- _Activity_: Transcribe the records in full, keeping every word exactly as given.

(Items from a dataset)
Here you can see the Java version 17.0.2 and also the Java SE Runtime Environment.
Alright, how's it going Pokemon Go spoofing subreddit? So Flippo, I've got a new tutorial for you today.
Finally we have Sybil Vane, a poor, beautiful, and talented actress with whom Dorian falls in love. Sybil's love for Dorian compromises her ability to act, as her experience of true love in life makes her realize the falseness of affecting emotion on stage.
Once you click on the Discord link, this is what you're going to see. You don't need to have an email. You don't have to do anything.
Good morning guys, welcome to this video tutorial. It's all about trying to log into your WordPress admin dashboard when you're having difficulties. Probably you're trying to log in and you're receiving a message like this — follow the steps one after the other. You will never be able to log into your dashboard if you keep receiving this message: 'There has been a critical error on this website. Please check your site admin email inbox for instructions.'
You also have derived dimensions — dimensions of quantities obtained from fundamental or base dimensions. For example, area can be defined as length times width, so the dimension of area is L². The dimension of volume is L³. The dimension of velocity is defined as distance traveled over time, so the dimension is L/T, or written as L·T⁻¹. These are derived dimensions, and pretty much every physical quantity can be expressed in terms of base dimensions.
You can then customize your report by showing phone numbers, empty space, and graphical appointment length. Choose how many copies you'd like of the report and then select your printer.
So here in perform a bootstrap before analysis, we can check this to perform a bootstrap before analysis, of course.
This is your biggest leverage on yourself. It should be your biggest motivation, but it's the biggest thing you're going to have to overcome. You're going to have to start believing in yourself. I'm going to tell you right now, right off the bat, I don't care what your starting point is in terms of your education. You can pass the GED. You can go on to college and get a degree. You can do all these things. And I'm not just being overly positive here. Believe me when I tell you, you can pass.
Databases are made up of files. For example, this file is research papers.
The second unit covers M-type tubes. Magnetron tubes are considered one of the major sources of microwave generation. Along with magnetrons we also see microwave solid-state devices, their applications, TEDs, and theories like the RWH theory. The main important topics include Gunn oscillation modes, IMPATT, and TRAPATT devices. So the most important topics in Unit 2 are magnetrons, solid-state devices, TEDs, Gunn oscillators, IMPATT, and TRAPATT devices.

- _Result_:
Here you can see the Java version 17.0.2 and also the Java SE Runtime Environment.
Alright, how's it going Pokemon Go spoofing subreddit? So Flippo, I've got a new tutorial for you today.
Finally we have Sybil Vane, a poor, beautiful, and talented actress with whom Dorian falls in love. Sybil's love for Dorian compromises her ability to act, as her experience of true love in life makes her realize the falseness of affecting emotion on stage.
Once you click on the Discord link, this is what you're going to see. You don't need to have an email. You don't have to do anything.
Good morning guys, welcome to this video tutorial. It's all about trying to log into your WordPress admin dashboard when you're having difficulties. Probably you're trying to log in and you're receiving a message like this — follow the steps one after the other. You will never be able to log into your dashboard if you keep receiving this message: 'There has been a critical error on this website. Please check your site admin email inbox for instructions.'
You also have derived dimensions — dimensions of quantities obtained from fundamental or base dimensions. For example, area can be defined as length times width, so the dimension of area is L². The dimension of volume is L³. The dimension of velocity is defined as distance traveled over time, so the dimension is L/T, or written as L·T⁻¹. These are derived dimensions, and pretty much every physical quantity can be expressed in terms of base dimensions.
You can then customize your report by showing phone numbers, empty space, and graphical appointment length. Choose how many copies you'd like of the report and then select your printer.
So here in perform a bootstrap before analysis, we can check this to perform a bootstrap before analysis, of course.
This is your biggest leverage on yourself. It should be your biggest motivation, but it's the biggest thing you're going to have to overcome. You're going to have to start believing in yourself. I'm going to tell you right now, right off the bat, I don't care what your starting point is in terms of your education. You can pass the GED. You can go on to college and get a degree. You can do all these things. And I'm not just being overly positive here. Believe me when I tell you, you can pass.
Databases are made up of files. For example, this file is research papers.
The second unit covers M-type tubes. Magnetron tubes are considered one of the major sources of microwave generation. Along with magnetrons we also see microwave solid-state devices, their applications, TEDs, and theories like the RWH theory. The main important topics include Gunn oscillation modes, IMPATT, and TRAPATT devices. So the most important topics in Unit 2 are magnetrons, solid-state devices, TEDs, Gunn oscillators, IMPATT, and TRAPATT devices.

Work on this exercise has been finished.